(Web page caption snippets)
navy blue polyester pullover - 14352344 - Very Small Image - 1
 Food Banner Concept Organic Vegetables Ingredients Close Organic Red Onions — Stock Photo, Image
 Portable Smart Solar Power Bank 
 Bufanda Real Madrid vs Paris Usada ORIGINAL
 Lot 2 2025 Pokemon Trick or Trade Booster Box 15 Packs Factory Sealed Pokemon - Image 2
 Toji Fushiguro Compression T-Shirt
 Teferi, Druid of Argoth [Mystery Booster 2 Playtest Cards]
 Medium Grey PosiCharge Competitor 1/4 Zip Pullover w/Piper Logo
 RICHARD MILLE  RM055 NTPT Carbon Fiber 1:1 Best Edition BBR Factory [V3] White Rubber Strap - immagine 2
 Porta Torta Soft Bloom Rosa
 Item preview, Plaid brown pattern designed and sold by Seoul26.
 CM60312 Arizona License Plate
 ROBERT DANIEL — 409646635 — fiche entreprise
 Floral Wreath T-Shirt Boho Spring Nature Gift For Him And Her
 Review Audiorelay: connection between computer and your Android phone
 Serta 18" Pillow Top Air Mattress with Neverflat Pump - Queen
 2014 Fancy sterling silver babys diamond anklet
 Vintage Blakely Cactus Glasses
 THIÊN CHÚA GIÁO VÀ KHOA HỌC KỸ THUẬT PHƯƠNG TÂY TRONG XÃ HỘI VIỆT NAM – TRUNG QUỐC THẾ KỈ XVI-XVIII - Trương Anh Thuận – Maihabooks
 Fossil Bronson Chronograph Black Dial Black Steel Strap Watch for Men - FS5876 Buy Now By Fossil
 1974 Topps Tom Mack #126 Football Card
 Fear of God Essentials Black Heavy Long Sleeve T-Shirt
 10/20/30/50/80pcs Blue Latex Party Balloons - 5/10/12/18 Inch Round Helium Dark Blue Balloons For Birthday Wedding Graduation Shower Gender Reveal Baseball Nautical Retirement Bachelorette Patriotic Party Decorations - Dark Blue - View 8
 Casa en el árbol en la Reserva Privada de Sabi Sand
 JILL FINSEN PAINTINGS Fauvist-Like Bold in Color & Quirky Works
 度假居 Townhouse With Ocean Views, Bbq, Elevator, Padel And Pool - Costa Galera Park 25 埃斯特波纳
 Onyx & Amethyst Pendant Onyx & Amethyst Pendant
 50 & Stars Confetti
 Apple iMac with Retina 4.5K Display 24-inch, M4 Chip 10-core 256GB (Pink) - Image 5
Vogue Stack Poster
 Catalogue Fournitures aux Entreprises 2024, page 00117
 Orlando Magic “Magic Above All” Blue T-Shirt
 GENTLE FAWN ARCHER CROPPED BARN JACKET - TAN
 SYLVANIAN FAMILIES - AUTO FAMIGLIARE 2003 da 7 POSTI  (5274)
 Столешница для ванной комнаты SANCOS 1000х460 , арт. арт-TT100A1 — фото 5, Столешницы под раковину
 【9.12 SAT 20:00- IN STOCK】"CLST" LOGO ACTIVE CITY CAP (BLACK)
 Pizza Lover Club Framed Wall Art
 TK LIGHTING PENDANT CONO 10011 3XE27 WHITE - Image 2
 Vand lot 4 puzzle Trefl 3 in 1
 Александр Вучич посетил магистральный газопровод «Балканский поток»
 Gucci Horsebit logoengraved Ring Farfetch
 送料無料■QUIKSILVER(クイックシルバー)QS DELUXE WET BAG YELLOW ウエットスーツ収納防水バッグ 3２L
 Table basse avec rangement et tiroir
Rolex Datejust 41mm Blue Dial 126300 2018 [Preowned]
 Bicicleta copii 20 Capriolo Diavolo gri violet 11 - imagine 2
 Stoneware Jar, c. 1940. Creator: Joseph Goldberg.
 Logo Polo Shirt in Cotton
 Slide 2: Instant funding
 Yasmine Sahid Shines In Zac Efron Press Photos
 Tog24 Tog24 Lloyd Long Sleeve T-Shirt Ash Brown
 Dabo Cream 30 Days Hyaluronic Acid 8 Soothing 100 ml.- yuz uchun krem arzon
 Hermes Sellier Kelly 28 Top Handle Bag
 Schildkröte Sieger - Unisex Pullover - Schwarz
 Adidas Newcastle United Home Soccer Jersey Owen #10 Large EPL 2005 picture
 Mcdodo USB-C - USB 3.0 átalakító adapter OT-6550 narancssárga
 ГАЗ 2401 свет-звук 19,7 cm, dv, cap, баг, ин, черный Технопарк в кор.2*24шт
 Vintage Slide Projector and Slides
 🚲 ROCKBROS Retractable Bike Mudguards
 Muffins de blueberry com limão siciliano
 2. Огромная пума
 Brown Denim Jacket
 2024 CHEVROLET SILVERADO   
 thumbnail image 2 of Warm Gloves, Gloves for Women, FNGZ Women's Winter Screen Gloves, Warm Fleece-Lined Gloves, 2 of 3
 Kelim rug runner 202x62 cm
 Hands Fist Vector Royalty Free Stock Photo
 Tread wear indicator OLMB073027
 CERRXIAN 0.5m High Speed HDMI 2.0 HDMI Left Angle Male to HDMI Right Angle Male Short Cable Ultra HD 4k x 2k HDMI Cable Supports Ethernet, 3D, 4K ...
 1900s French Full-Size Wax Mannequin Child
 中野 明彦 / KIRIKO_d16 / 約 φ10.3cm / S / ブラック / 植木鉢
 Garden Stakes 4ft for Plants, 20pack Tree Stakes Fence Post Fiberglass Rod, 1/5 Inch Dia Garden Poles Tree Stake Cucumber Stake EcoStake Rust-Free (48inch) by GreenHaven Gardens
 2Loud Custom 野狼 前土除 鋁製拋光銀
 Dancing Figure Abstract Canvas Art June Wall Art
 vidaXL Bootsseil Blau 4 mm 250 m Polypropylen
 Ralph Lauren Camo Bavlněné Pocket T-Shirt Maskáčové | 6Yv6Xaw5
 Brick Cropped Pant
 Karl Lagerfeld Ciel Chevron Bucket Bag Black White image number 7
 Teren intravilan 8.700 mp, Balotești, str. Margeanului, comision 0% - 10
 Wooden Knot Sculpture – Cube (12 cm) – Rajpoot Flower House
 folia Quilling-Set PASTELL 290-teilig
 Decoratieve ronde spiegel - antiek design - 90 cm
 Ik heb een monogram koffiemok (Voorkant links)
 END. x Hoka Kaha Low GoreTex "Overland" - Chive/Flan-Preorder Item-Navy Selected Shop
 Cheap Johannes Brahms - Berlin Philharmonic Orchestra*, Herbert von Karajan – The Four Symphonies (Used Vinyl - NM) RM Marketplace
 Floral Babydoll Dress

• _What the task asks_:
All of the entries above need to be output again exactly.

• _Response box_:
navy blue polyester pullover - 14352344 - Very Small Image - 1
 Food Banner Concept Organic Vegetables Ingredients Close Organic Red Onions — Stock Photo, Image
 Portable Smart Solar Power Bank 
 Bufanda Real Madrid vs Paris Usada ORIGINAL
 Lot 2 2025 Pokemon Trick or Trade Booster Box 15 Packs Factory Sealed Pokemon - Image 2
 Toji Fushiguro Compression T-Shirt
 Teferi, Druid of Argoth [Mystery Booster 2 Playtest Cards]
 Medium Grey PosiCharge Competitor 1/4 Zip Pullover w/Piper Logo
 RICHARD MILLE  RM055 NTPT Carbon Fiber 1:1 Best Edition BBR Factory [V3] White Rubber Strap - immagine 2
 Porta Torta Soft Bloom Rosa
 Item preview, Plaid brown pattern designed and sold by Seoul26.
 CM60312 Arizona License Plate
 ROBERT DANIEL — 409646635 — fiche entreprise
 Floral Wreath T-Shirt Boho Spring Nature Gift For Him And Her
 Review Audiorelay: connection between computer and your Android phone
 Serta 18" Pillow Top Air Mattress with Neverflat Pump - Queen
 2014 Fancy sterling silver babys diamond anklet
 Vintage Blakely Cactus Glasses
 THIÊN CHÚA GIÁO VÀ KHOA HỌC KỸ THUẬT PHƯƠNG TÂY TRONG XÃ HỘI VIỆT NAM – TRUNG QUỐC THẾ KỈ XVI-XVIII - Trương Anh Thuận – Maihabooks
 Fossil Bronson Chronograph Black Dial Black Steel Strap Watch for Men - FS5876 Buy Now By Fossil
 1974 Topps Tom Mack #126 Football Card
 Fear of God Essentials Black Heavy Long Sleeve T-Shirt
 10/20/30/50/80pcs Blue Latex Party Balloons - 5/10/12/18 Inch Round Helium Dark Blue Balloons For Birthday Wedding Graduation Shower Gender Reveal Baseball Nautical Retirement Bachelorette Patriotic Party Decorations - Dark Blue - View 8
 Casa en el árbol en la Reserva Privada de Sabi Sand
 JILL FINSEN PAINTINGS Fauvist-Like Bold in Color & Quirky Works
 度假居 Townhouse With Ocean Views, Bbq, Elevator, Padel And Pool - Costa Galera Park 25 埃斯特波纳
 Onyx & Amethyst Pendant Onyx & Amethyst Pendant
 50 & Stars Confetti
 Apple iMac with Retina 4.5K Display 24-inch, M4 Chip 10-core 256GB (Pink) - Image 5
Vogue Stack Poster
 Catalogue Fournitures aux Entreprises 2024, page 00117
 Orlando Magic “Magic Above All” Blue T-Shirt
 GENTLE FAWN ARCHER CROPPED BARN JACKET - TAN
 SYLVANIAN FAMILIES - AUTO FAMIGLIARE 2003 da 7 POSTI  (5274)
 Столешница для ванной комнаты SANCOS 1000х460 , арт. арт-TT100A1 — фото 5, Столешницы под раковину
 【9.12 SAT 20:00- IN STOCK】"CLST" LOGO ACTIVE CITY CAP (BLACK)
 Pizza Lover Club Framed Wall Art
 TK LIGHTING PENDANT CONO 10011 3XE27 WHITE - Image 2
 Vand lot 4 puzzle Trefl 3 in 1
 Александр Вучич посетил магистральный газопровод «Балканский поток»
 Gucci Horsebit logoengraved Ring Farfetch
 送料無料■QUIKSILVER(クイックシルバー)QS DELUXE WET BAG YELLOW ウエットスーツ収納防水バッグ 3２L
 Table basse avec rangement et tiroir
Rolex Datejust 41mm Blue Dial 126300 2018 [Preowned]
 Bicicleta copii 20 Capriolo Diavolo gri violet 11 - imagine 2
 Stoneware Jar, c. 1940. Creator: Joseph Goldberg.
 Logo Polo Shirt in Cotton
 Slide 2: Instant funding
 Yasmine Sahid Shines In Zac Efron Press Photos
 Tog24 Tog24 Lloyd Long Sleeve T-Shirt Ash Brown
 Dabo Cream 30 Days Hyaluronic Acid 8 Soothing 100 ml.- yuz uchun krem arzon
 Hermes Sellier Kelly 28 Top Handle Bag
 Schildkröte Sieger - Unisex Pullover - Schwarz
 Adidas Newcastle United Home Soccer Jersey Owen #10 Large EPL 2005 picture
 Mcdodo USB-C - USB 3.0 átalakító adapter OT-6550 narancssárga
 ГАЗ 2401 свет-звук 19,7 cm, dv, cap, баг, ин, черный Технопарк в кор.2*24шт
 Vintage Slide Projector and Slides
 🚲 ROCKBROS Retractable Bike Mudguards
 Muffins de blueberry com limão siciliano
 2. Огромная пума
 Brown Denim Jacket
 2024 CHEVROLET SILVERADO   
 thumbnail image 2 of Warm Gloves, Gloves for Women, FNGZ Women's Winter Screen Gloves, Warm Fleece-Lined Gloves, 2 of 3
 Kelim rug runner 202x62 cm
 Hands Fist Vector Royalty Free Stock Photo
 Tread wear indicator OLMB073027
 CERRXIAN 0.5m High Speed HDMI 2.0 HDMI Left Angle Male to HDMI Right Angle Male Short Cable Ultra HD 4k x 2k HDMI Cable Supports Ethernet, 3D, 4K ...
 1900s French Full-Size Wax Mannequin Child
 中野 明彦 / KIRIKO_d16 / 約 φ10.3cm / S / ブラック / 植木鉢
 Garden Stakes 4ft for Plants, 20pack Tree Stakes Fence Post Fiberglass Rod, 1/5 Inch Dia Garden Poles Tree Stake Cucumber Stake EcoStake Rust-Free (48inch) by GreenHaven Gardens
 2Loud Custom 野狼 前土除 鋁製拋光銀
 Dancing Figure Abstract Canvas Art June Wall Art
 vidaXL Bootsseil Blau 4 mm 250 m Polypropylen
 Ralph Lauren Camo Bavlněné Pocket T-Shirt Maskáčové | 6Yv6Xaw5
 Brick Cropped Pant
 Karl Lagerfeld Ciel Chevron Bucket Bag Black White image number 7
 Teren intravilan 8.700 mp, Balotești, str. Margeanului, comision 0% - 10
 Wooden Knot Sculpture – Cube (12 cm) – Rajpoot Flower House
 folia Quilling-Set PASTELL 290-teilig
 Decoratieve ronde spiegel - antiek design - 90 cm
 Ik heb een monogram koffiemok (Voorkant links)
 END. x Hoka Kaha Low GoreTex "Overland" - Chive/Flan-Preorder Item-Navy Selected Shop
 Cheap Johannes Brahms - Berlin Philharmonic Orchestra*, Herbert von Karajan – The Four Symphonies (Used Vinyl - NM) RM Marketplace
 Floral Babydoll Dress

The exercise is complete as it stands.